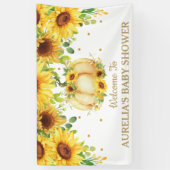 ひまわりカボチャ赤ちゃんシャワー歓迎の背景 横断幕 (縦)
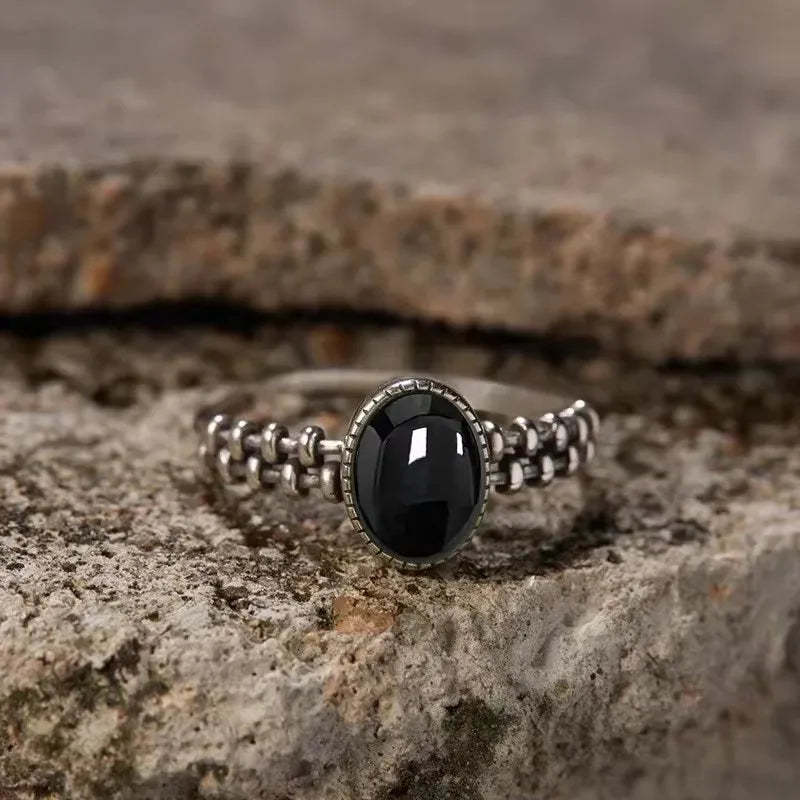 Onyx Ring aus 925er Silber mit Kettenschiene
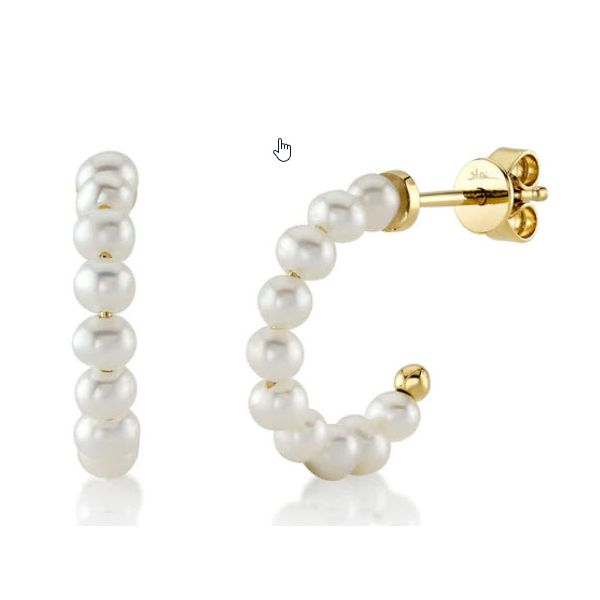 14K YG Cultured Pearl Hoop Earrings Skaneateles Jewelry Skaneateles, NY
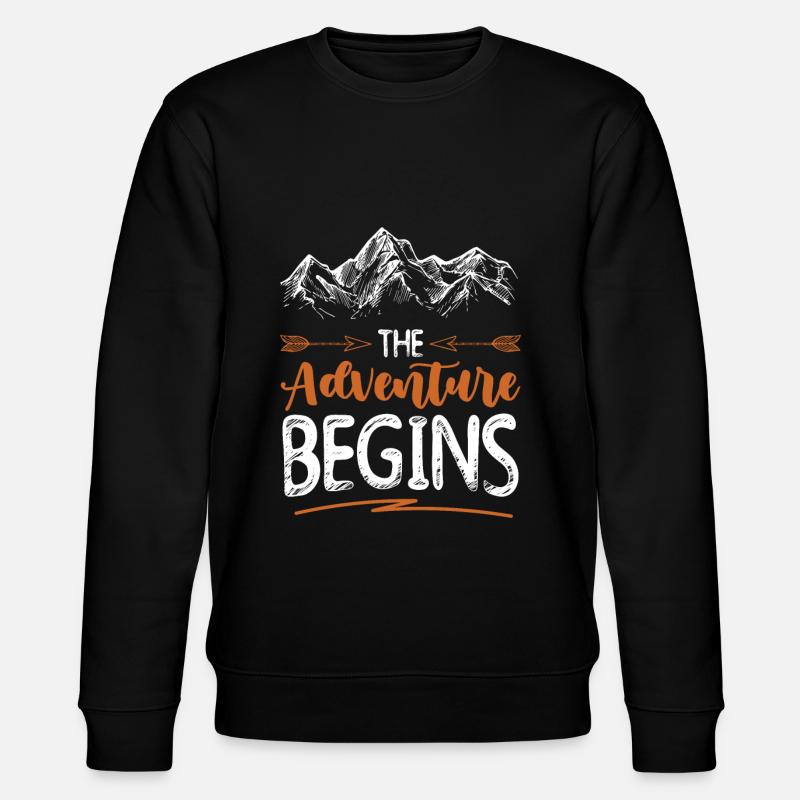 Adventure begins Climbing - Stanley/Stella CHANGER Unisex Organic Sweatshirt - black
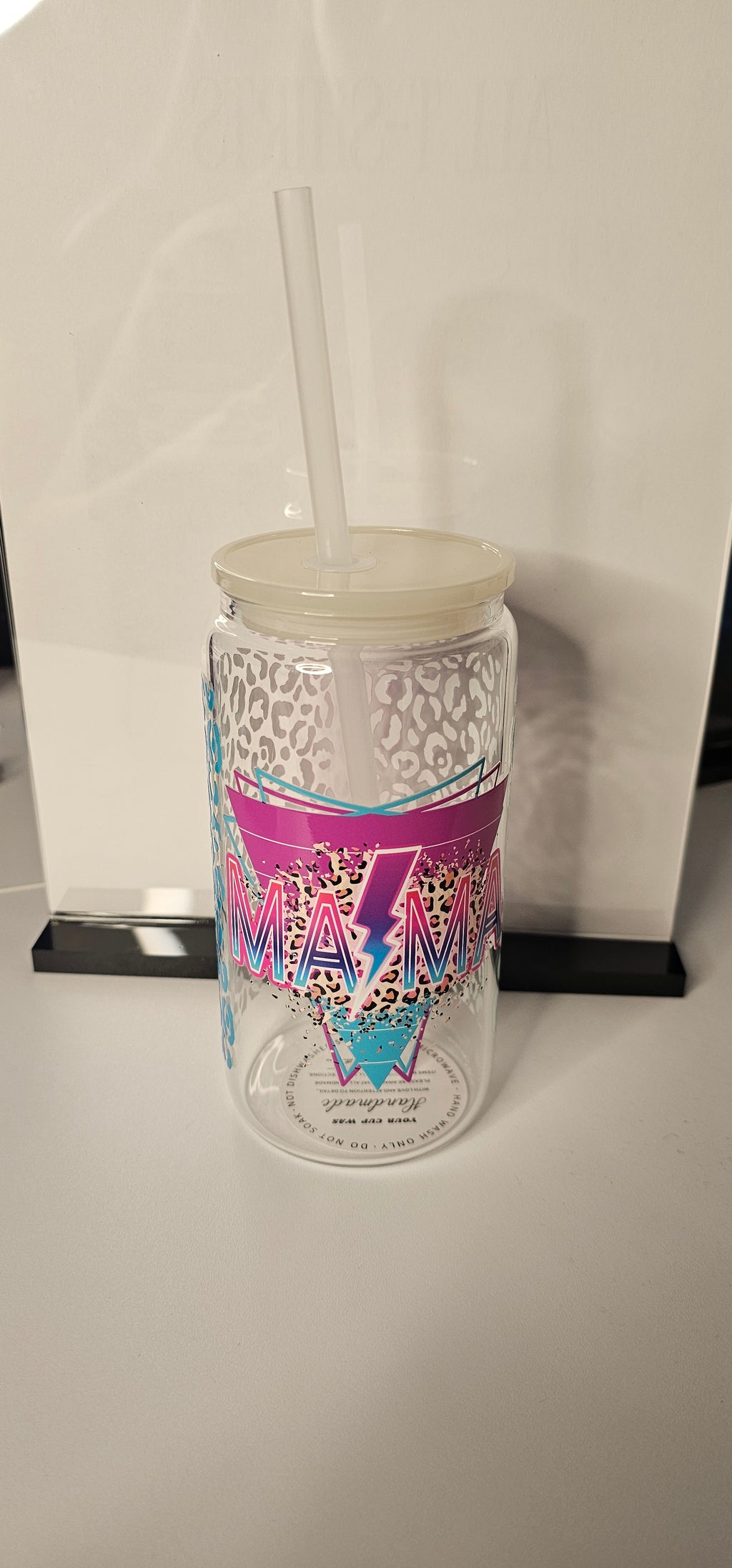 16 oz mama glass cup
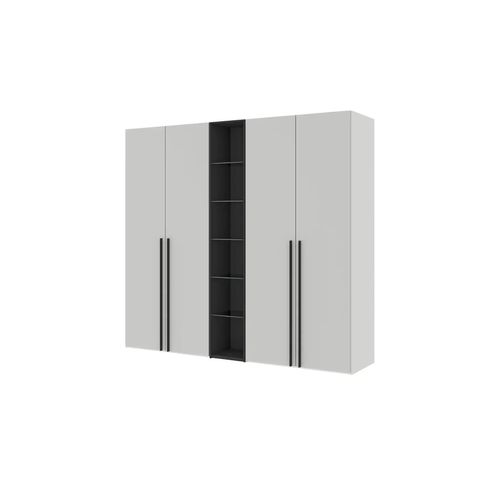Drehtürenschrank Dreamer - grau - 241,4 cm - 220 cm - cm 58,5 - Sconto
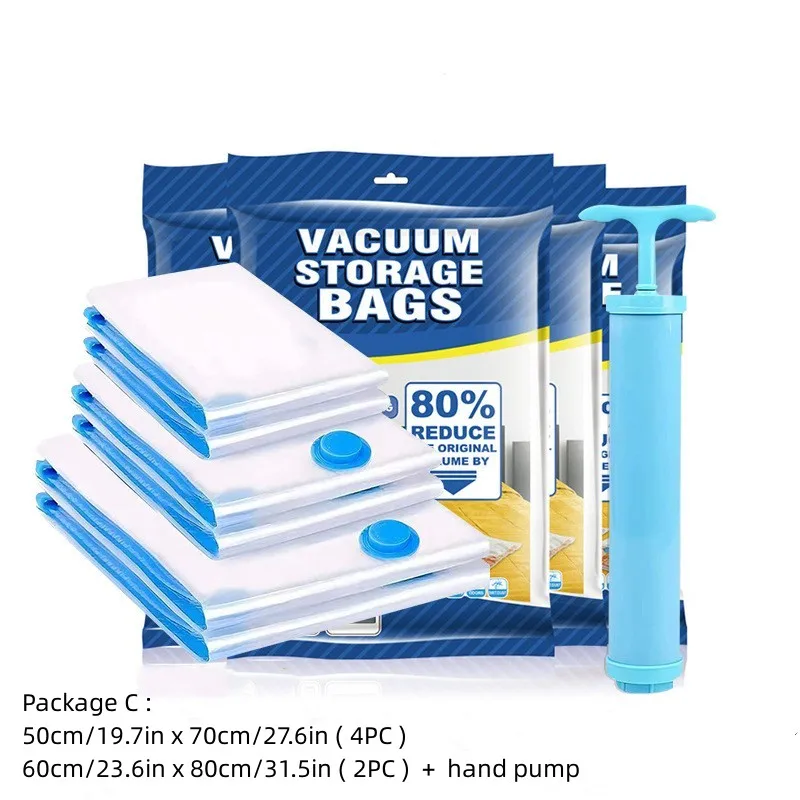 Vacuum Pump for Bags Transparent Folding Compressed Space Saving Vacuum Bag for Clothes Vacuum Storage Bags with Pump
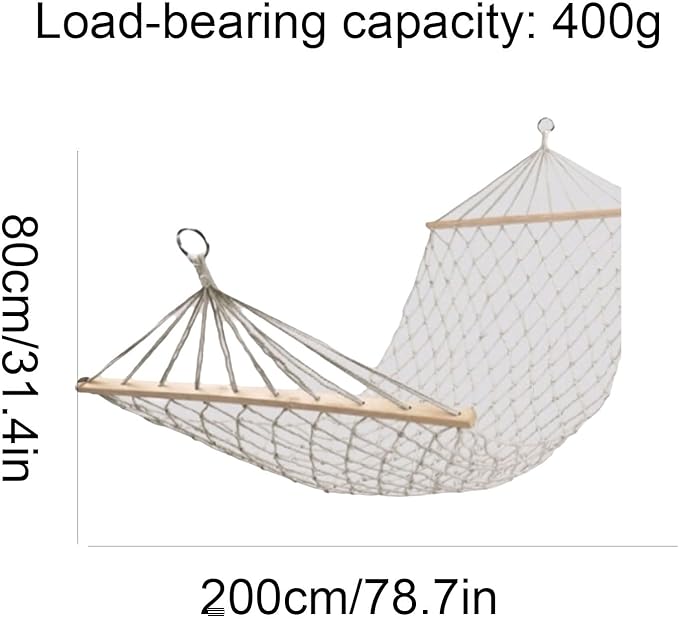 Portable Cotton and Linen Rope Hammock Multi-Purpose Outdoor Camping with Wooden Sticks Mesh Comfortable Reinforced Hammock Comfortable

• Problem to solve:
The entries above are to be returned exactly, without their pictures.

• Task solution:
 ひまわりカボチャ赤ちゃんシャワー歓迎の背景 横断幕 (縦)
 Onyx Ring aus 925er Silber mit Kettenschiene
 14K YG Cultured Pearl Hoop Earrings Skaneateles Jewelry Skaneateles, NY
 Adventure begins Climbing - Stanley/Stella CHANGER Unisex Organic Sweatshirt - black
 16 oz mama glass cup
Drehtürenschrank Dreamer - grau - 241,4 cm - 220 cm - cm 58,5 - Sconto
 Vacuum Pump for Bags Transparent Folding Compressed Space Saving Vacuum Bag for Clothes Vacuum Storage Bags with Pump
 Portable Cotton and Linen Rope Hammock Multi-Purpose Outdoor Camping with Wooden Sticks Mesh Comfortable Reinforced Hammock Comfortable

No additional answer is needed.